• [Assignment]: Your job is to give again, exactly and with no additions, the lines in the records below from the one with "Louis Vuitton Pre-Owned" through the one with "Dekbedovertrek ZoHome Velluto - Pale Gold", both included. Omit the pictures.

• [The input]:
━━━━━━━━
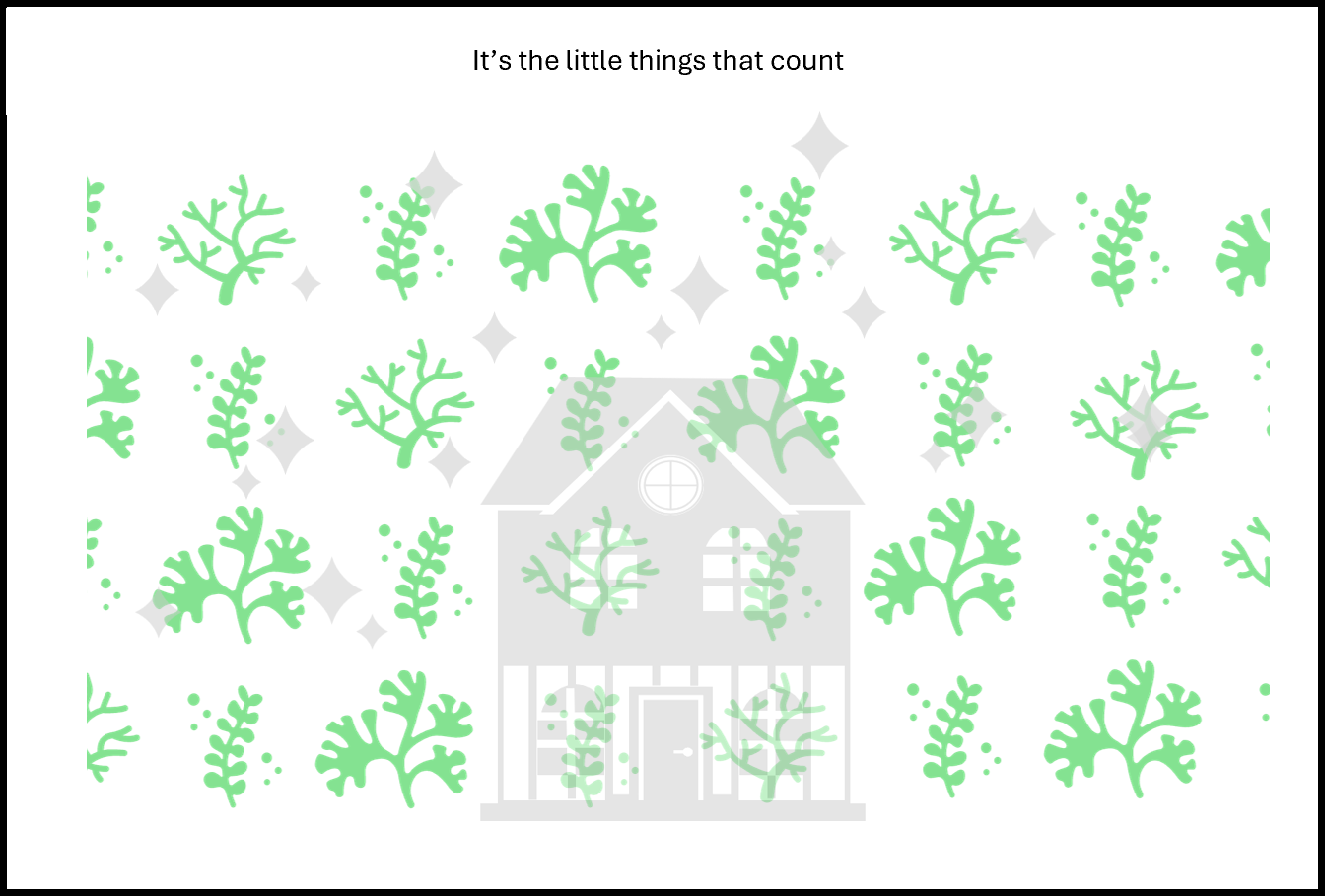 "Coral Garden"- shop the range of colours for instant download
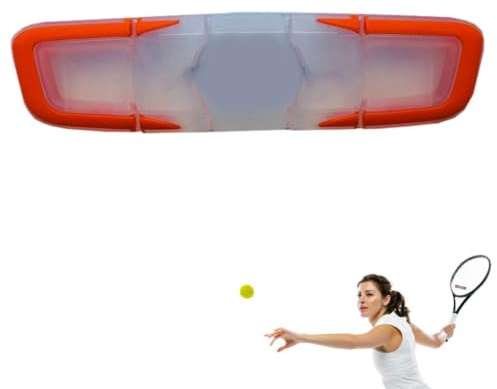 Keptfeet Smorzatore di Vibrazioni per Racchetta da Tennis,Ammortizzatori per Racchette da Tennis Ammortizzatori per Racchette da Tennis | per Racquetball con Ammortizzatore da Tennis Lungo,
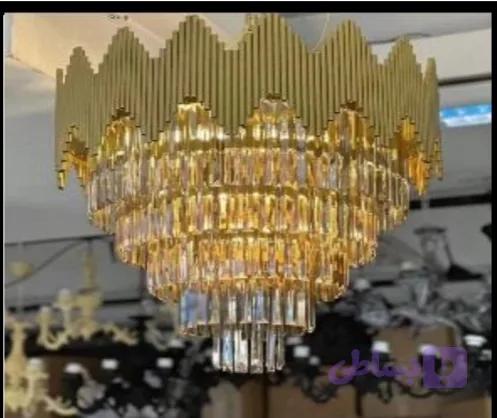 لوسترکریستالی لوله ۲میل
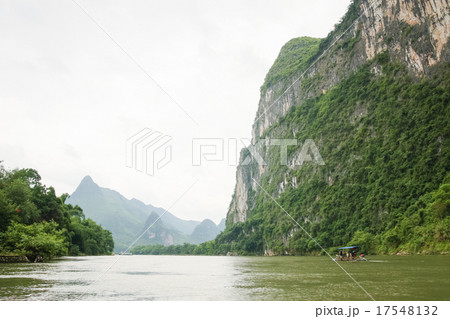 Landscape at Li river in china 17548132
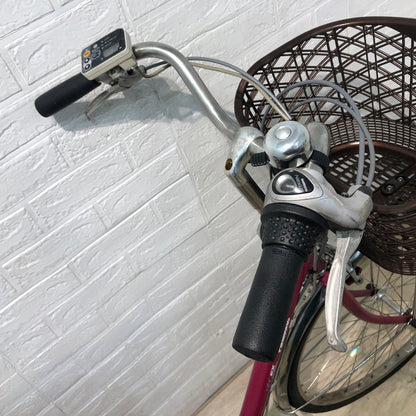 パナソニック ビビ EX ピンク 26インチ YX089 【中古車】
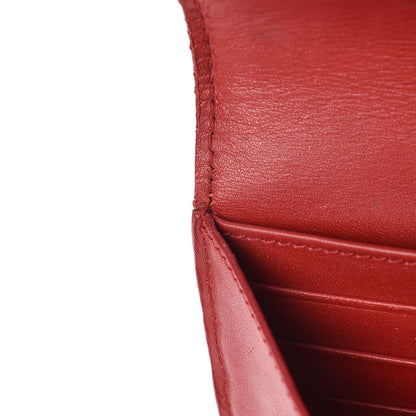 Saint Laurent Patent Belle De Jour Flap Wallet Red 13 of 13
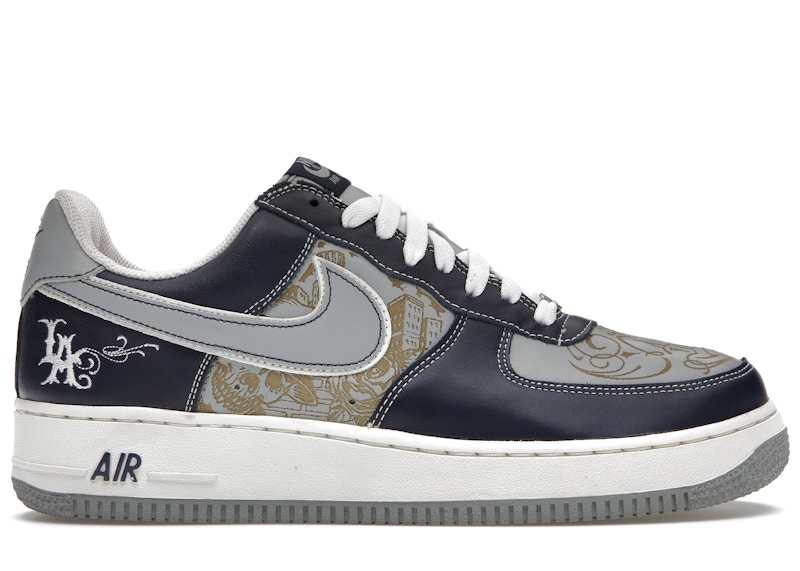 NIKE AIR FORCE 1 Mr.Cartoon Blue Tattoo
━━━━━━━━
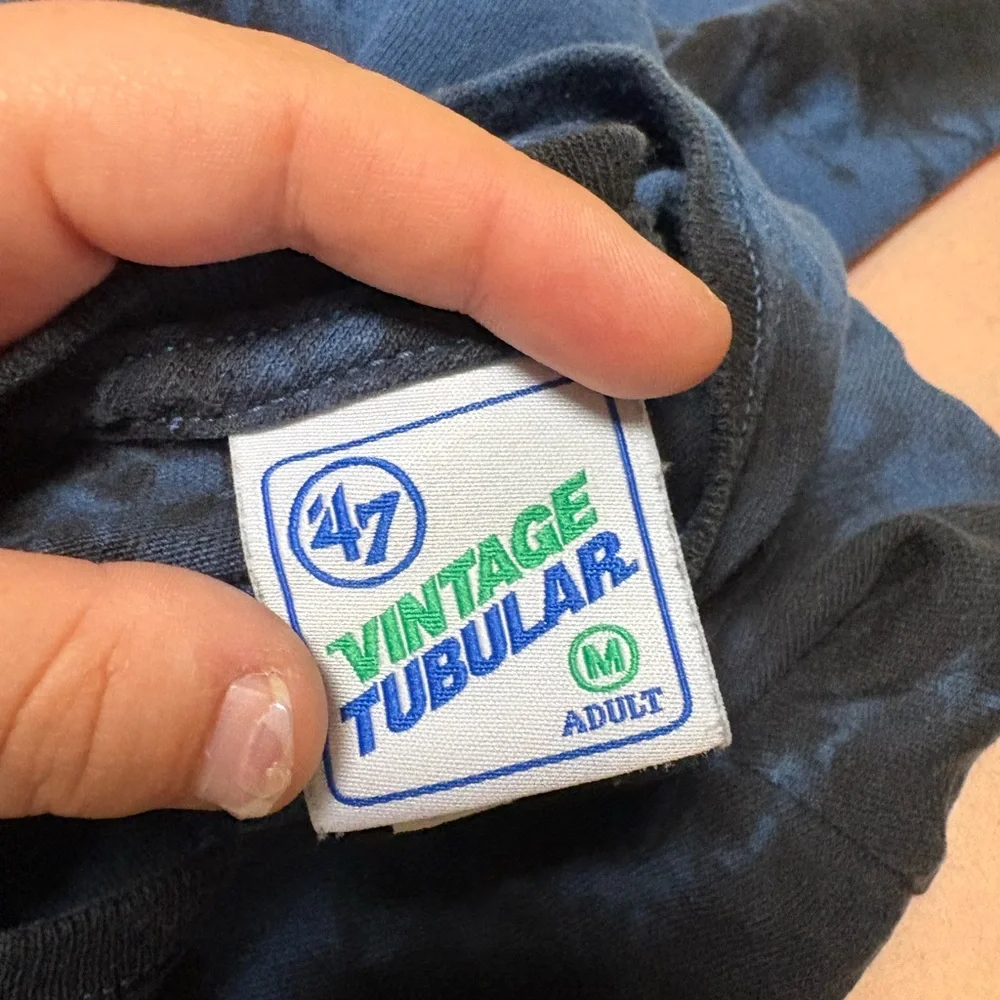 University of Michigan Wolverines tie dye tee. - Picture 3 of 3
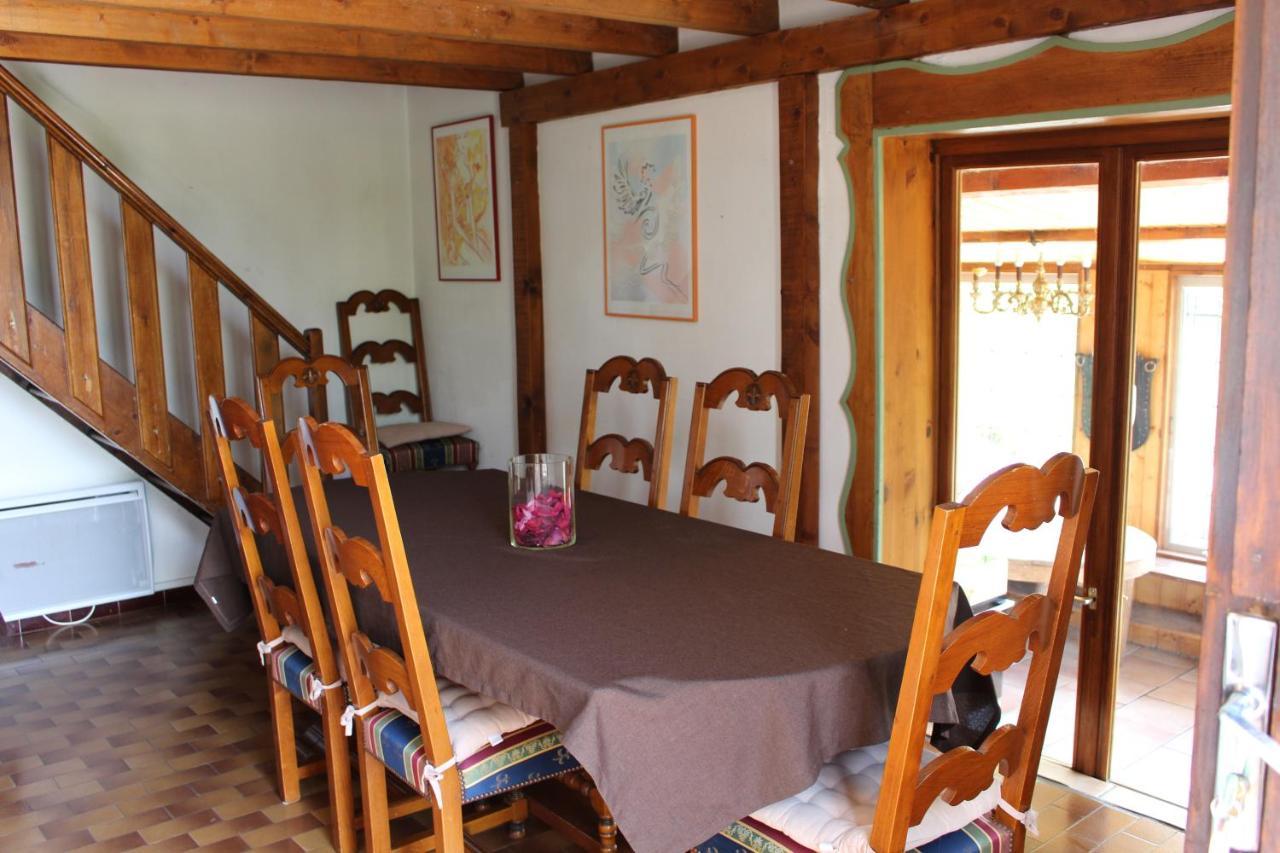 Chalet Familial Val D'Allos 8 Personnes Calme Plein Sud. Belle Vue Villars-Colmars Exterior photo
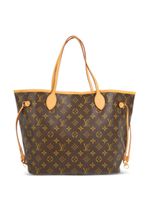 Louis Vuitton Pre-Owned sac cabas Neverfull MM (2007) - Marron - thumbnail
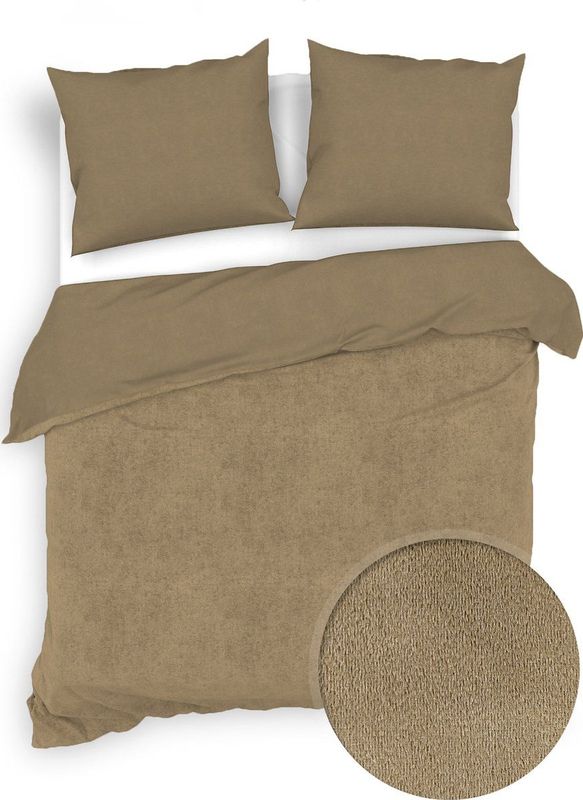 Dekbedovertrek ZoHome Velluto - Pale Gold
━━━━━━━━
• [Output for this task]:
 Louis Vuitton Pre-Owned sac cabas Neverfull MM (2007) - Marron - thumbnail
 Dekbedovertrek ZoHome Velluto - Pale Gold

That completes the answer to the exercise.